Ancora una volta ho capito che non mi trovavo lì in questo momento.  Ho camminato. Sapevo nel mio cuore che avevo bisogno di passare la notte in questo posto.

Non sapevo come avrei fatto a farlo, ma ho chiesto alla guida se potevo.

Proprio quando stavo per andarmene, ho guardato verso il basso e ho notato una piccola porta che alcuni ladri avevano scavato dentro e intorno al granito incassato nella camera del Re.

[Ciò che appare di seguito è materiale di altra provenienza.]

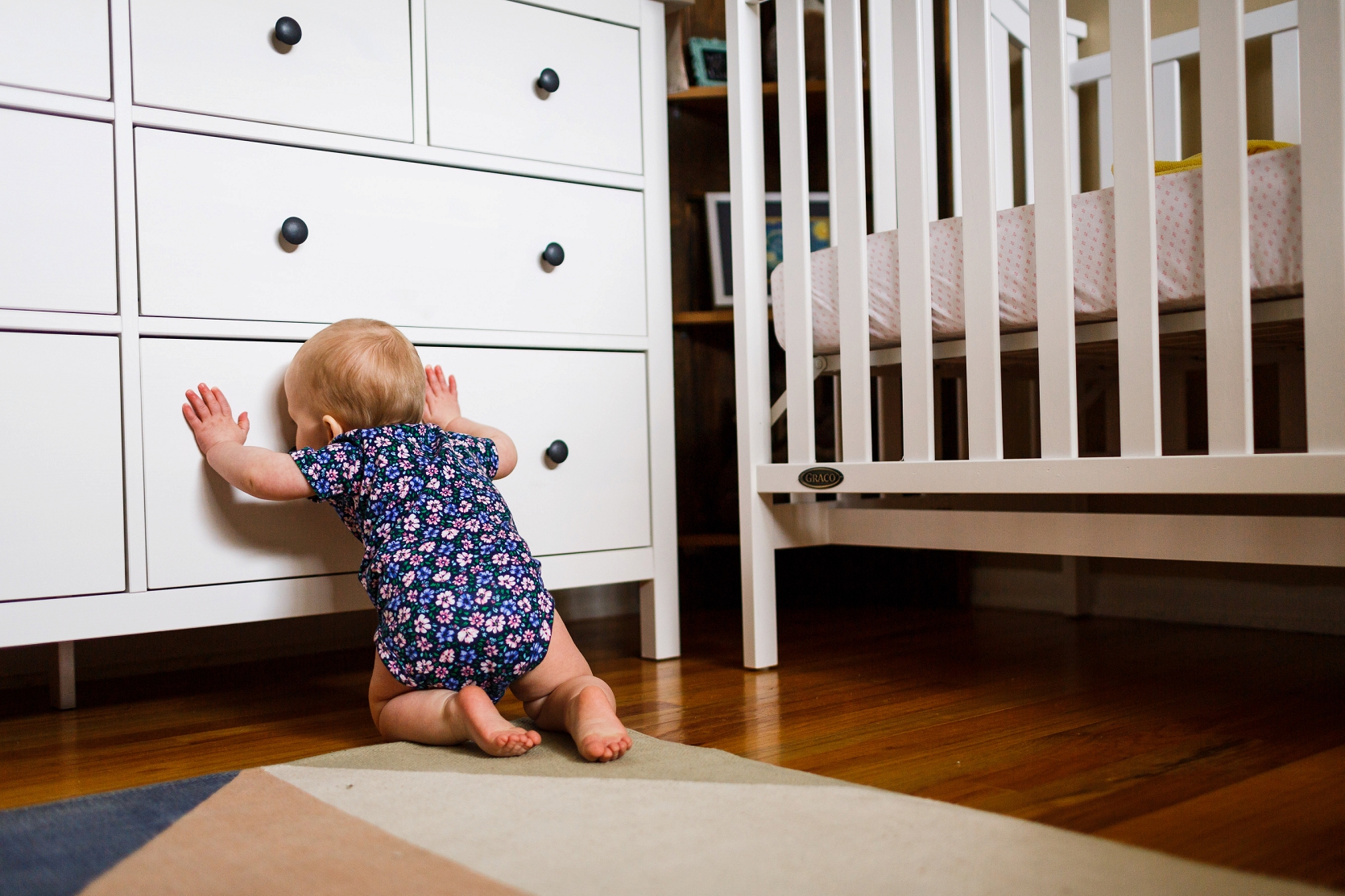 Broomfield_Lifestyle_Family_Session_0556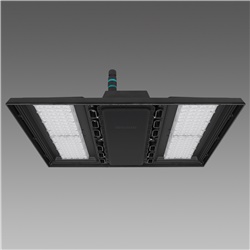 ASTRO Q 2911 LED 290W CLD RAL7021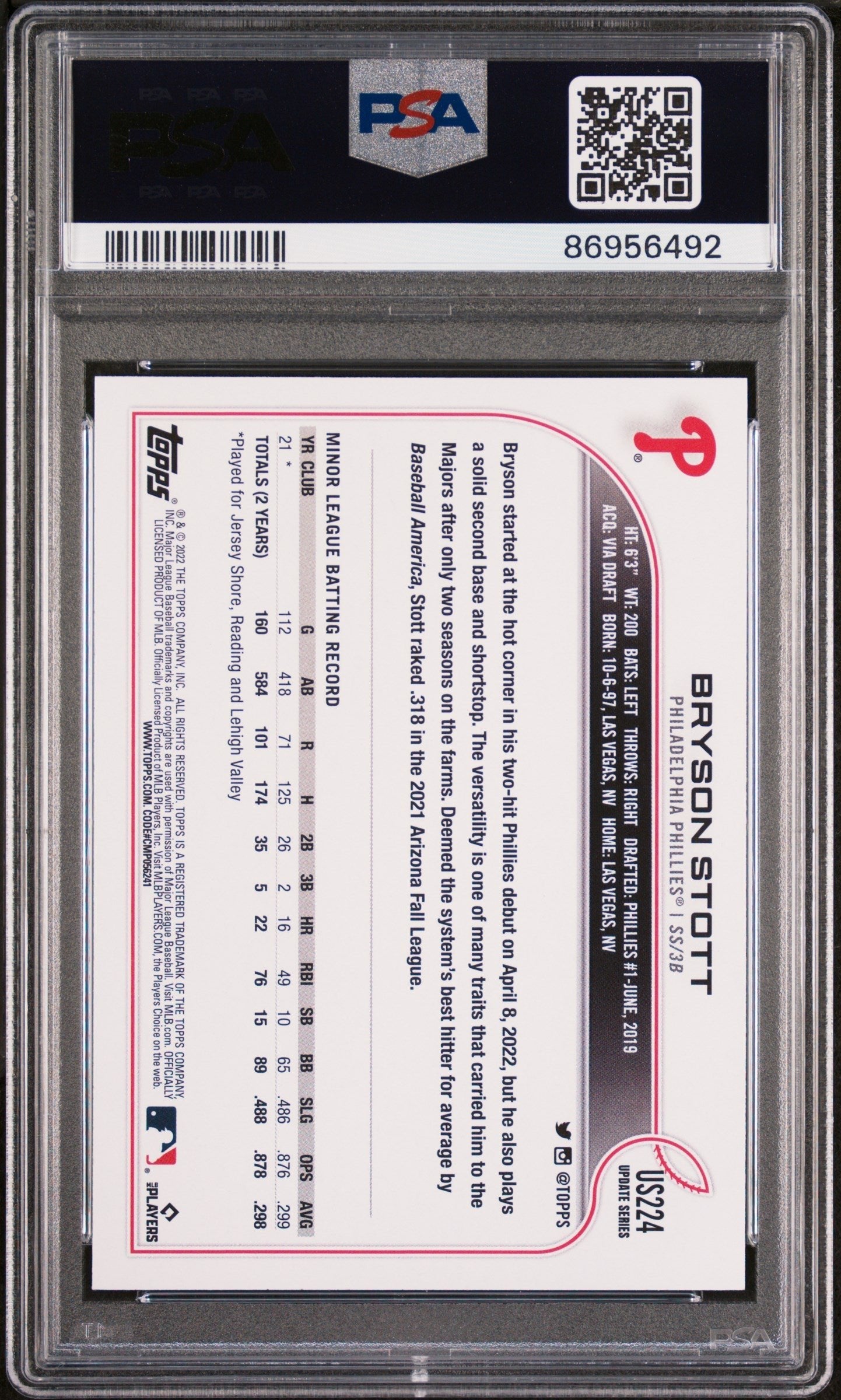 Downloaded image for product cmt9b6zw12gf7pn072klnt7yw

Così il piccolo buco era abbastanza grande per qualcuno: dovevo strisciare fin là e sicuramente con molto sforzo. C’era un cancello lì che lo copriva, ma la porta era chiusa a chiave.

Così mi sentivo bene.  Avevo una torcia elettrica con me, l’ho tirata fuori e alzando gli occhi ho pensato: “Beh, sembra interessante” e una voce ha detto: “entra là”.

“Così ho risposto,” ho intenzione di andare là, ma non ora. ” Allora sono andato a casa e la mattina dopo sono tornato.  E mi ero preparato.  Avevo deciso che sarei passato in modo veloce da quel punto.

Avevo digiunato la notte prima e non avevo mangiato niente di mattina. Ritornai ed avevo le cose di cui avrei avuto bisogno per passare la notte là.

La porta fu lasciata aperta, quindi quando non ci fu nessuno intorno a me, la aprii e strisciai dentro chiudendola dietro di me e continuai a strisciare. Certamente non avevo idea di ciò che avrei trovato strisciando fin là.

Sono entrato in una piccola alcova al di sopra della camera del Re.  Ero abbastanza stupito di quanto i blocchi esterni fossero così perfetti.

Sono bene montati insieme, ma i blocchi che sono sull’interno della piramide sono abbastanza rozzi.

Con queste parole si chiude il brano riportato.